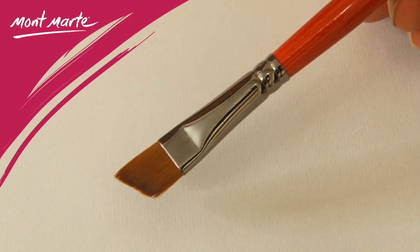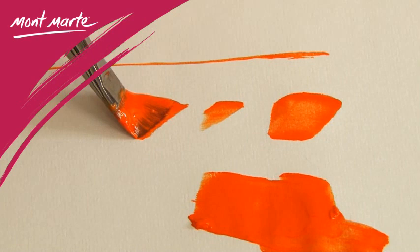The angled brush is very versatile. The sharp corner that results from the edge enables one to reach small areas of detail. Used on its side, it creates a very thin line also.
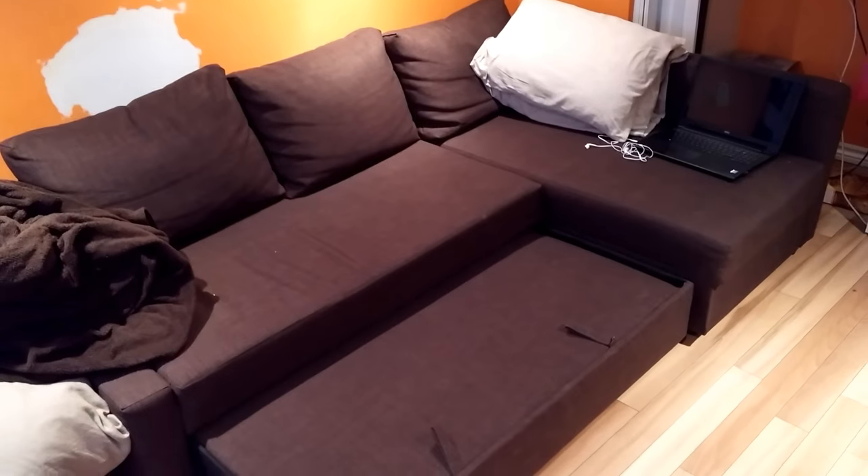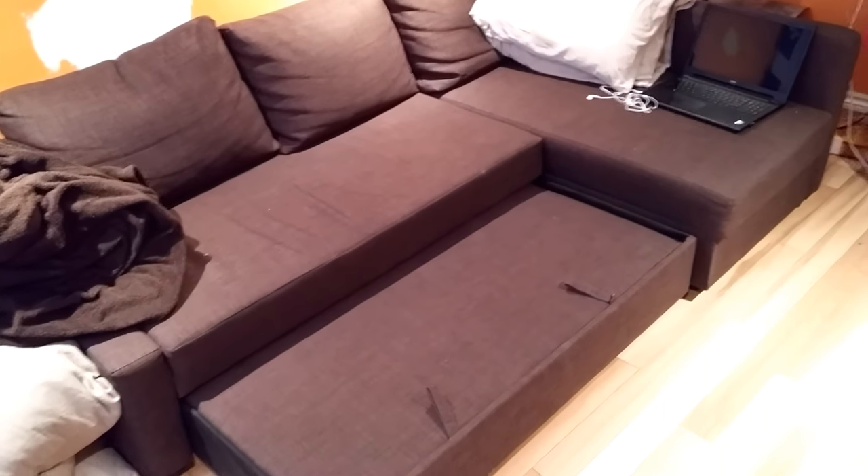I decided to make a little video to explain a problem that I've had with my Fryhutten couch that I bought maybe eight months ago, and I've had this problem ever since I've gotten it.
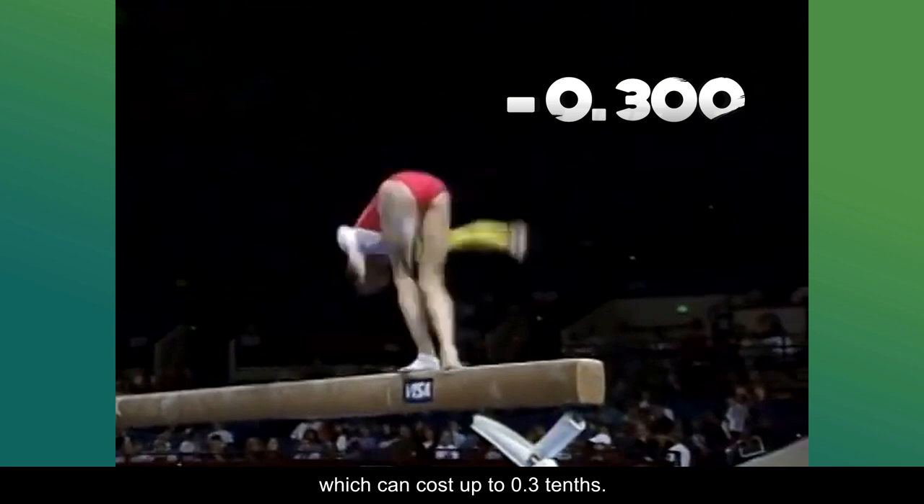The change of direction in the air also makes it riskier, because it can throw gymnasts off-center.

******

▶ _Your assignment_
I would like the data copied exactly as it stands, with no pictures included.

▶ _Response box_
The angled brush is very versatile. The sharp corner that results from the edge enables one to reach small areas of detail. Used on its side, it creates a very thin line also.
I decided to make a little video to explain a problem that I've had with my Fryhutten couch that I bought maybe eight months ago, and I've had this problem ever since I've gotten it.
The change of direction in the air also makes it riskier, because it can throw gymnasts off-center.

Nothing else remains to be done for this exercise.